Example 5 may include the apparatus of Example 4, wherein the language analyzer is further to provide decode information based on the results of the analysis of the intermediate recognition result.
Example 6 may include the apparatus of Example 4, wherein the language analyzer is further to provide speech endpoint information based on the results of the analysis of the intermediate recognition result.
Example 7 may include the apparatus of any of Examples 4 to 6, wherein the language analyzer is further to store one or more language interpretation results of analysis corresponding to one or more intermediate recognition results of the electronic speech signal, receive two or more final recognition results of the electronic speech signal, compare each of the final recognition results to the intermediate recognition results, and retrieve each language interpretation result of the analysis which corresponds to one of the intermediate recognition results matching one of the final recognition results.
Example 8 may include a method of interpreting language, comprising analyzing an intermediate recognition result of an electronic speech signal, storing a language interpretation result of the analysis of the intermediate recognition result, receiving a final recognition result of the electronic speech signal, comparing the final recognition result to the intermediate recognition result, and retrieving the language interpretation result of the analysis corresponding to the intermediate recognition result if the final recognition result matches the intermediate recognition result.
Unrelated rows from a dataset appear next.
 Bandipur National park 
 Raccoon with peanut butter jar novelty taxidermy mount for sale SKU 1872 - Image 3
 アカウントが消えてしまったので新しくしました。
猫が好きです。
Example 9 may include the method of Example 8, further comprising providing decode information based on the results of the analysis of the intermediate recognition result.
Example 10 may include the method of Example 8, further comprising providing speech endpoint information based on the results of the analysis of the intermediate recognition result.
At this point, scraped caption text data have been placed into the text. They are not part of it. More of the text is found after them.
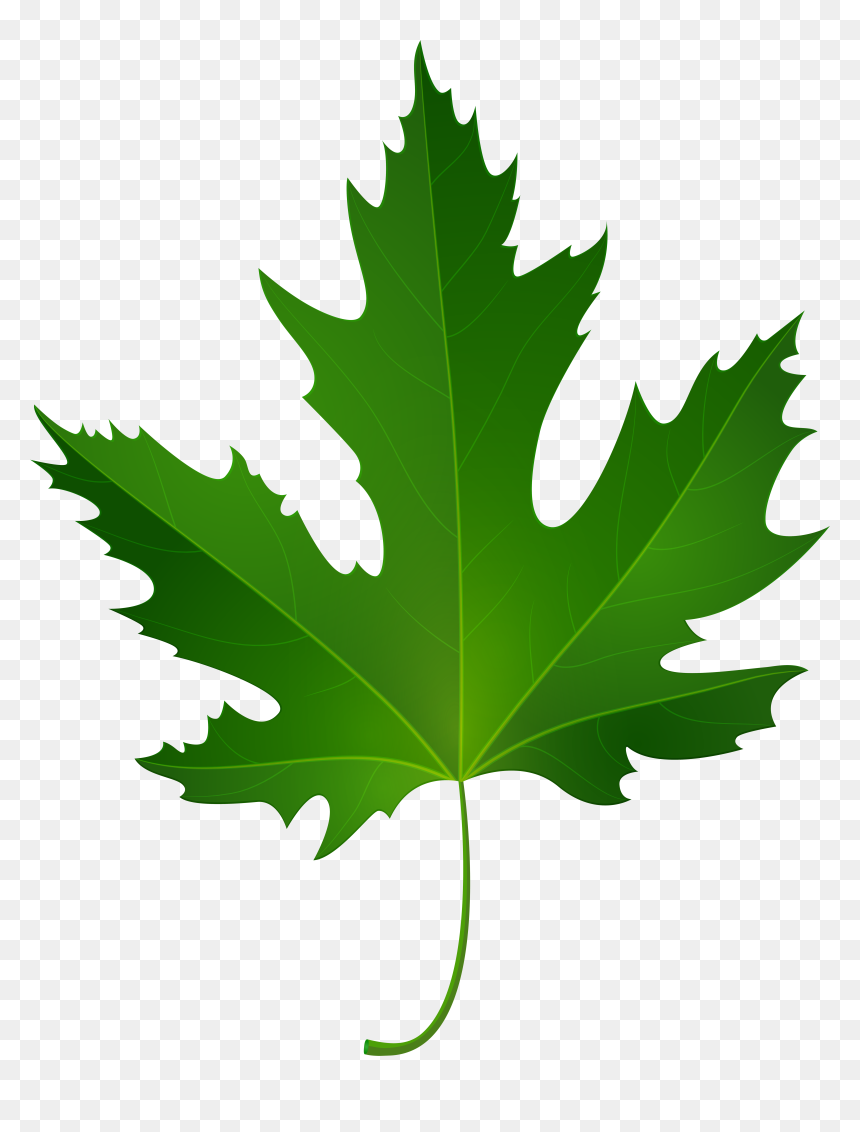 Maple Leaf Png Clip Art, Transparent Png - maple leaf png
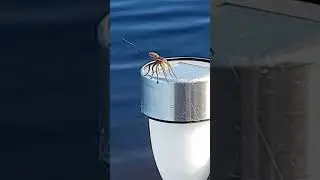 Laser Beam Shooting Spider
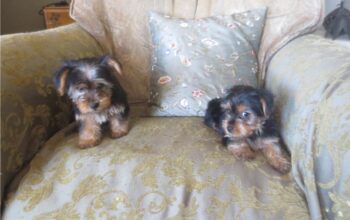 Cute yorkie puppies available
Example 11 may include the method of any of Examples 8 to 10, further comprising storing one or more language interpretation results of analysis corresponding to one or more intermediate recognition results of the electronic speech signal, receiving two or more final recognition results of the electronic speech signal, comparing each of the final recognition results to the intermediate recognition results, and retrieving each language interpretation result of the analysis which corresponds to one of the intermediate recognition results matching one of the final recognition results.
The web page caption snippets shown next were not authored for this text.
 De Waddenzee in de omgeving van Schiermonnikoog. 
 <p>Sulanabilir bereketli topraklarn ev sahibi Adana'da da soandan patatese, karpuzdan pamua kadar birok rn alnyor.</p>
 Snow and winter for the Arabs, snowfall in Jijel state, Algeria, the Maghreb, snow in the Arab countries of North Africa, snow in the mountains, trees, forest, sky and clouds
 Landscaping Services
Example 12 may include a speech decoder apparatus, comprising a speech analyzer to analyze an electronic speech signal to determine an intermediate recognition result of the electronic speech signal, and a language interpreter interface communicatively coupled to the speech analyzer to provide the intermediate recognition result to a language interpreter for language interpretation, wherein the speech analyzer is further to determine if the intermediate recognition result is a final recognition result of the electronic speech signal, and continue analysis of the electronic speech signal until the intermediate recognition result is determined to be the final recognition result.
Example 13 may include the apparatus of Example 12, wherein the speech analyzer is further to determine a new intermediate recognition result, and wherein the language interpreter interface is further to provide the new intermediate recognition result to the language interpreter for language interpretation.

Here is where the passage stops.